__Exercise brief__
Below are the entries to work from; restate word for word the portion that opens with the line containing "CPA The Capitol" and closes with the line containing "Pok&eacute;mon Mystery Dungeon: Rescue", keeping both.

__Excerpted records__

####################

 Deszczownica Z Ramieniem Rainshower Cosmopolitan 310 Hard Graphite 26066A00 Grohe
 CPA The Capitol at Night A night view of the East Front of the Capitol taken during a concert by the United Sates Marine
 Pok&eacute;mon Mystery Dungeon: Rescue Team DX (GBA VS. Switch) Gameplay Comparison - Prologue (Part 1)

####################

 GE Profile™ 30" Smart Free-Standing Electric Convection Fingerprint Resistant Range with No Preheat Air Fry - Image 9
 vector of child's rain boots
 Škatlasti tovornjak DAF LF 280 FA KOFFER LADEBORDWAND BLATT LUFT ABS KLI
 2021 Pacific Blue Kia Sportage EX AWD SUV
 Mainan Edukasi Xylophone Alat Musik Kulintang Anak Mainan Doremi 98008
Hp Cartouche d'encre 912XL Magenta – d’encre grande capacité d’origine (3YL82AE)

####################

__Exercise solution__
 CPA The Capitol at Night A night view of the East Front of the Capitol taken during a concert by the United Sates Marine
 Pok&eacute;mon Mystery Dungeon: Rescue Team DX (GBA VS. Switch) Gameplay Comparison - Prologue (Part 1)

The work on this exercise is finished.